Behavioral Blocking: An effective means of stopping 0-day

March 25, 2008

Behavioral blocking (a.k.a kernel rules / system rules) can provide the first layer of defense against emerging threats exploiting 0-day vulnerabilities. Exploits commonly take advantage of mistakes made by programmers and thus good applications can turn bad in an instant.

Malformed documents have accounted for a good number of these attacks (PDF, MDB, DOC, etc) recently. Take for example the new vulnerability discovered in Microsoft Access reported by Ismael Briones from PandaLabs (http://pandalabs.pandasecurity.com/archive/New-MS-Access-exploit.aspx).

All in all a bit of clever social engineering can result in successful exploitation, thus, resulting in confidential information being stolen from a user’s system.

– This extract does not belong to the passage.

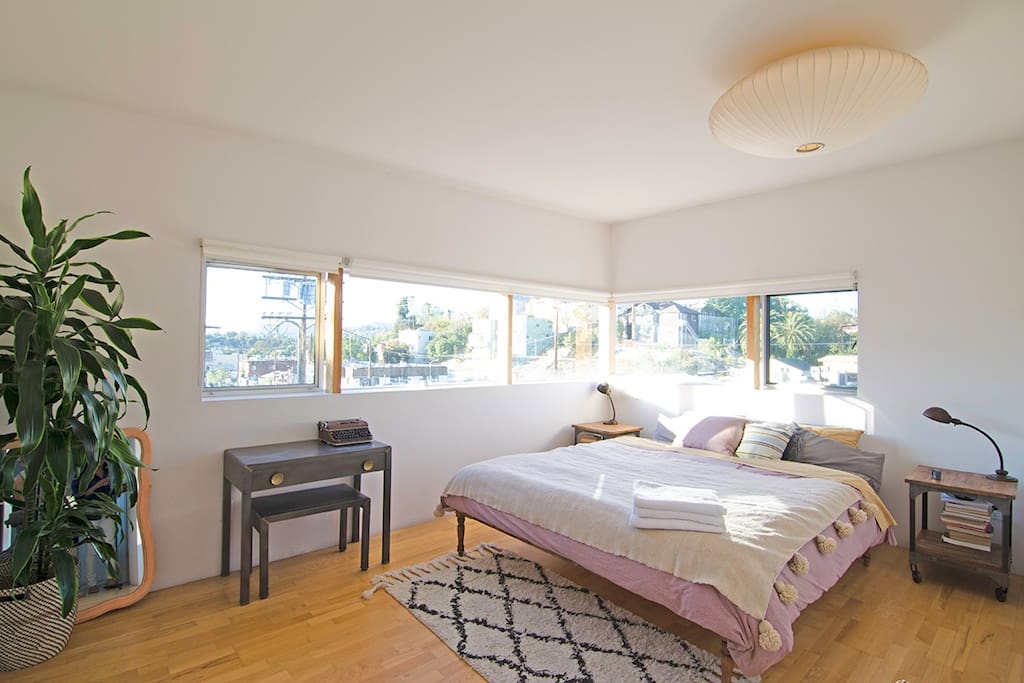 king bed + beautiful views of the city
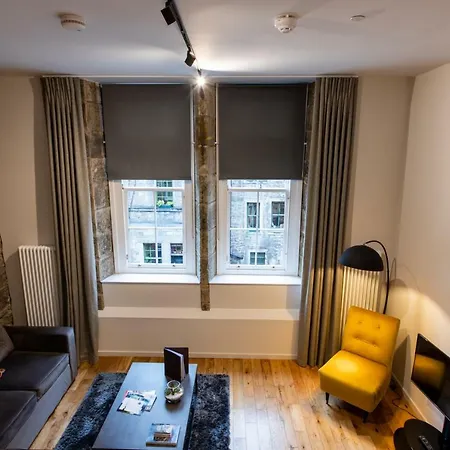 Daire Linton Collection - Blackfriars Lofts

An effective use of behavioral blocking can mitigate the risks of a 0-day threat. This works by monitoring the behavior of applications and applying such rules as: “Adobe Acrobat shouldn’t spawn a command shell“, or “Internet Explorer should not inject threads into other processes.”

This way one can proactively block new exploits (including the one for MS Access) without the actual need to analyze the threat and produce detection for it. However; it is still crucial that other protection layers exist (behavioral analysis, system hardening, IPS firewall, etc) as behavioral blocking alone is not 100%.